ABOUT THIS EXERCISE » Your output should be everything below from the line containing "a bedroom with" down to the line containing "on plate 113800593", both ends included, copied exactly, with pictures left out.

DATA FOR ANALYSIS »
------

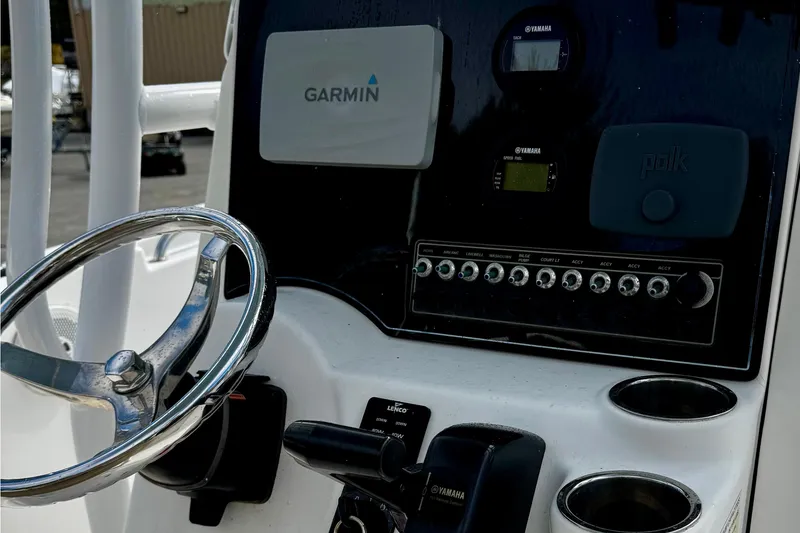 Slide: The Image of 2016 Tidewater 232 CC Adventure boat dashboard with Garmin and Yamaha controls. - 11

------

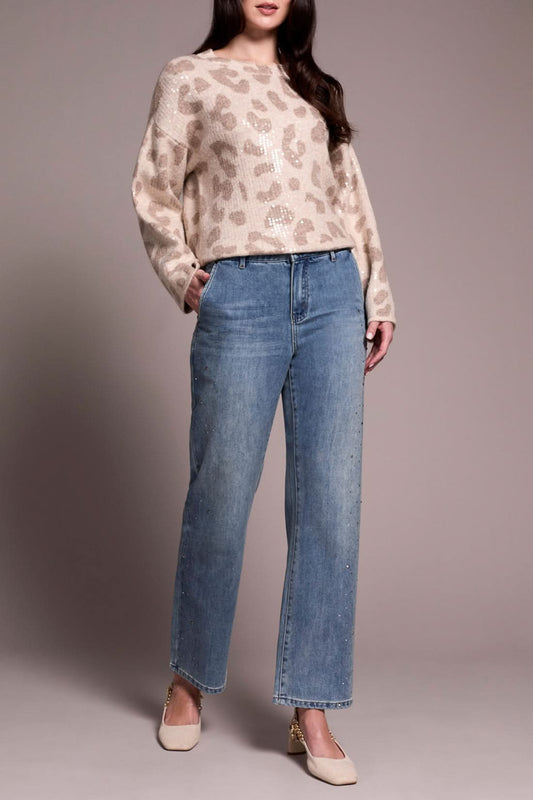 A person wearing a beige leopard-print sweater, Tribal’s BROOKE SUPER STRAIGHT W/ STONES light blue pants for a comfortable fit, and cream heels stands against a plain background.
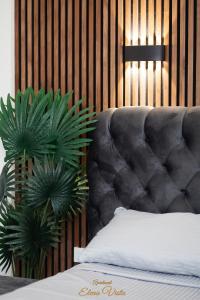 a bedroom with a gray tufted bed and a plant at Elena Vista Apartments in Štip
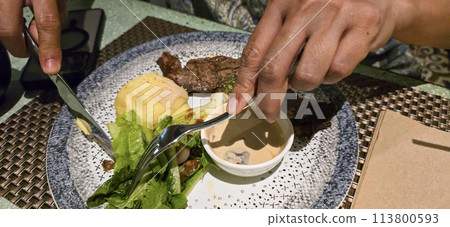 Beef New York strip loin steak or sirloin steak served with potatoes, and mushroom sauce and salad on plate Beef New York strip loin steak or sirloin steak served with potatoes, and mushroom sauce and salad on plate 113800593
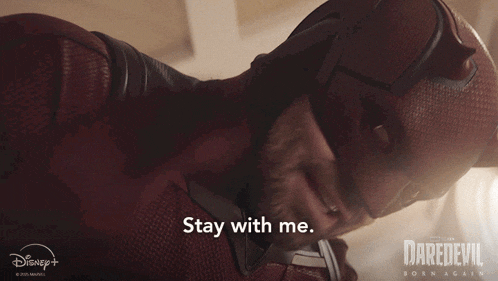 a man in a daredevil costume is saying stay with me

------

SOLUTION TO THE EXERCISE »
 a bedroom with a gray tufted bed and a plant at Elena Vista Apartments in Štip
 Beef New York strip loin steak or sirloin steak served with potatoes, and mushroom sauce and salad on plate Beef New York strip loin steak or sirloin steak served with potatoes, and mushroom sauce and salad on plate 113800593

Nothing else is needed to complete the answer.